Learn more about cougars >
Meet our featured animal, the short-beaked echidna (e-KID-nuh)!
Here are five fun facts about short-beaked echidnas:
- Echidnas are monotremes, or mammals that lay eggs.
- Similar to reptiles, echidnas’ legs protrude outwards and then downwards, resulting in a waddling effect when they walk.
- The echidna has a pointy snout that can sense electrical signals from insect bodies.
- Echidnas do not have teeth, but they do have horny pads in their mouths and on the back of their tongues which grind the prey.
- Baby echidnas are called puggles!
Learn more about short-beaked echidnas >
Meet our featured animal, the Atlantic puffin!
Here are five facts about Atlantic puffins:
- Despite their black and white plumage, puffins are not related to penguins at all. They are members of the Alcidae (auk) family.
- For most of the year, Atlantic puffins live on the open ocean.

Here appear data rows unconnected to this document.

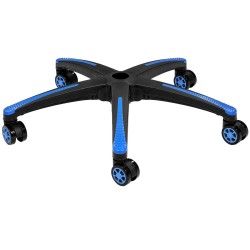 Toimistotuolin viisisakarainen jalusta 710 mm halkaisija 5 pyörää 1134 kg kantavuus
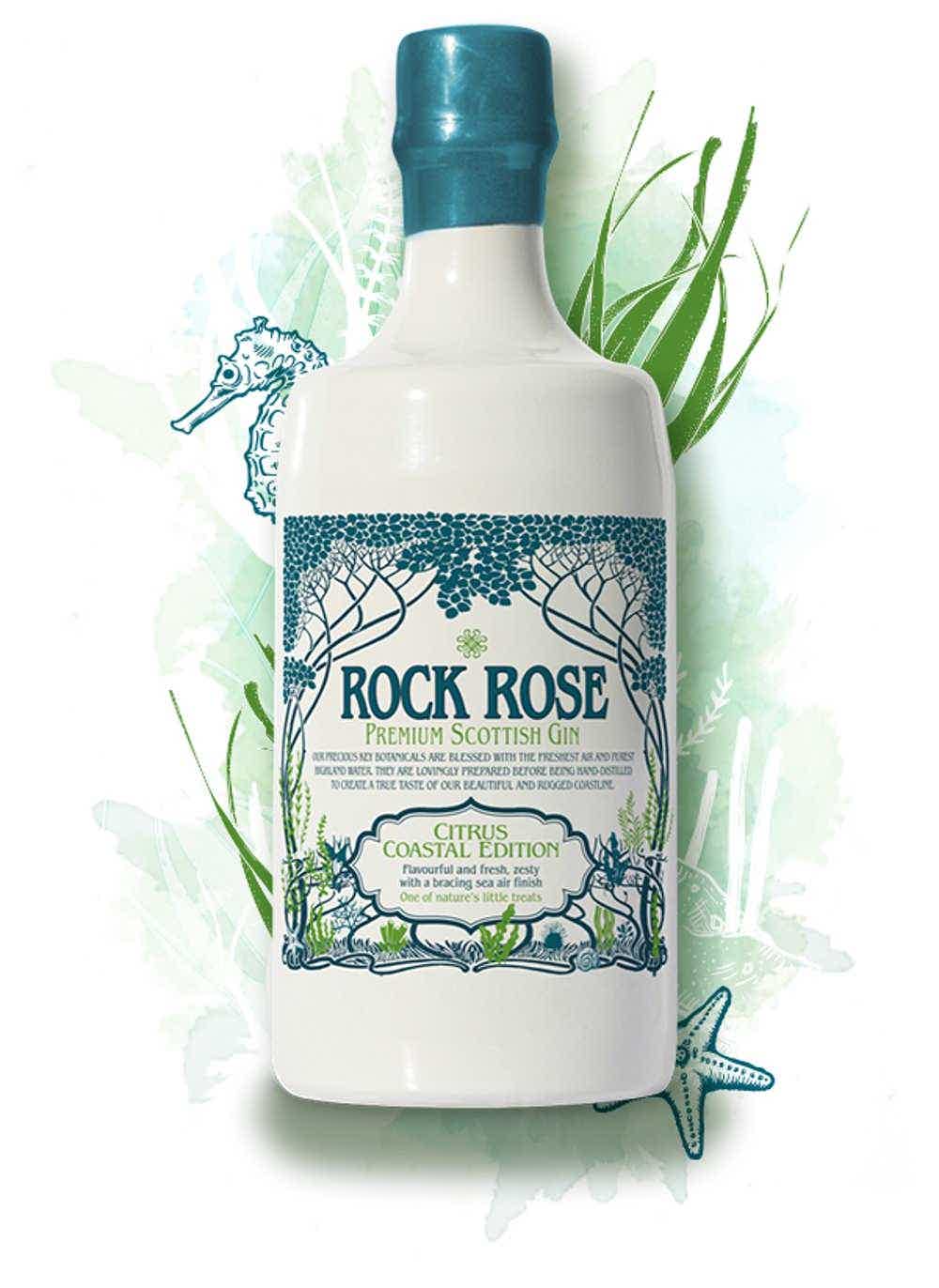 ROCK ROSE GIN CITRUS COASTAL EDITION 41.5% 0.7L, Spirits
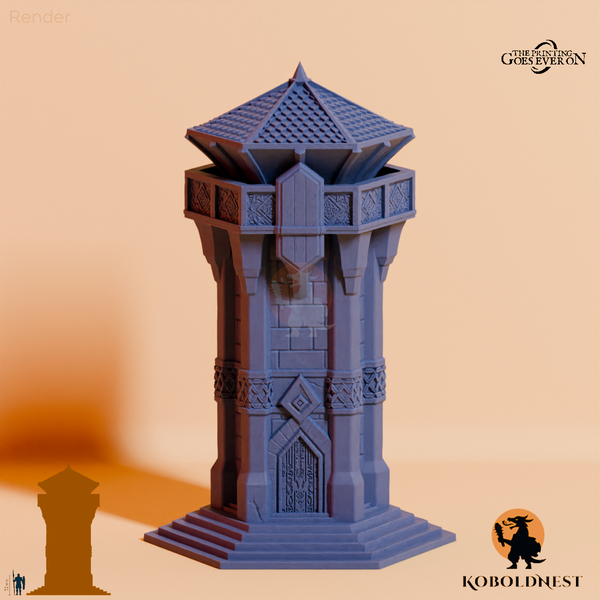 Minenzwerg-Wachturm mit Dach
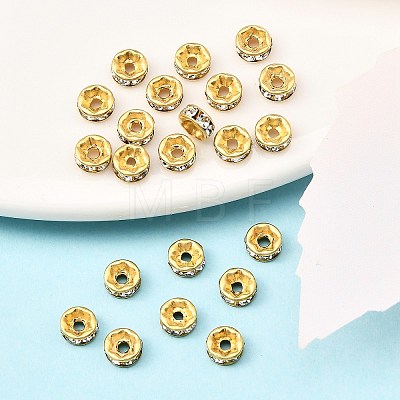 Brass Rhinestone Spacer Beads RB-A014-Z5mm-01C-1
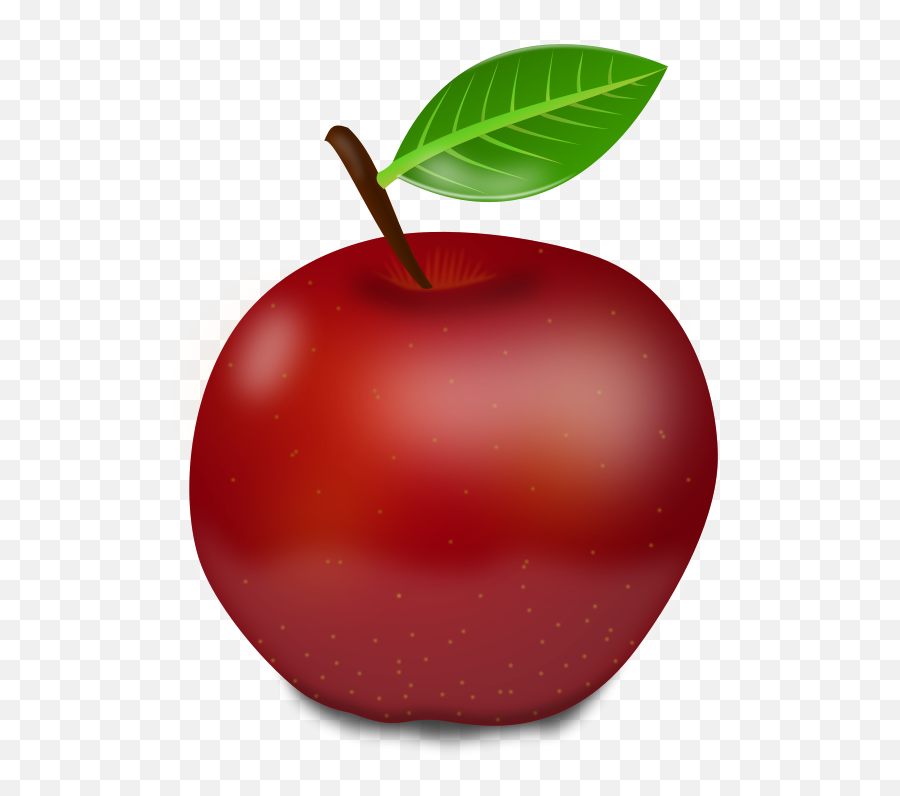 Apple Clipart Transparent Png Image - Png Emoji,Apple Clipart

- Diving as deep as 60 m (200 ft.), they swim by flapping their wings as if flying through the water and use their feet to steer.
- Atlantic puffins are excellent fliers. Flapping their wings at up to 400 beats per minute, puffins can reach speeds of 88 km/h (55mph).
- When a puffin is around 3-5 years old, it will choose a partner at sea to mate with for life.
Learn more about Atlantic puffins >
Meet our featured animal, the bald eagle!
Here are five fun facts about bald eagles:
- The bald eagle is one of the largest raptors in the world.
- Bald eagles can reach speeds of up to 160 km/hr (100 mph) when diving.
- Using thermal convention currents, bald eagles can climb to up to 3000 m (10,000 ft.) in the air. They can soar for hours using these currents.
- Once coupled, bald eagles will mate for life.
- Bald eagles build enormous nests, called eyries, out of sticks. These substantial nests have been known to weigh up to 900 kg (1 ton).
Learn more about bald eagles >
Meet our featured animal, the green anaconda!
Here are five facts about green anacondas:
- The green anaconda is one of the longest snakes in the world. It is also the heaviest.
- The green anaconda is native to South America, making its home in swamps, marshes and streams.
- Although they use both sight and smell to hunt, green anacondas also have the ability to sense heat emitted by potential prey.
- Anacondas are not venomous; they use constriction instead to subdue their prey.
- For larger prey, the green anaconda can unhinge its jaw to stretch its mouth around the body, consuming the carcass whole.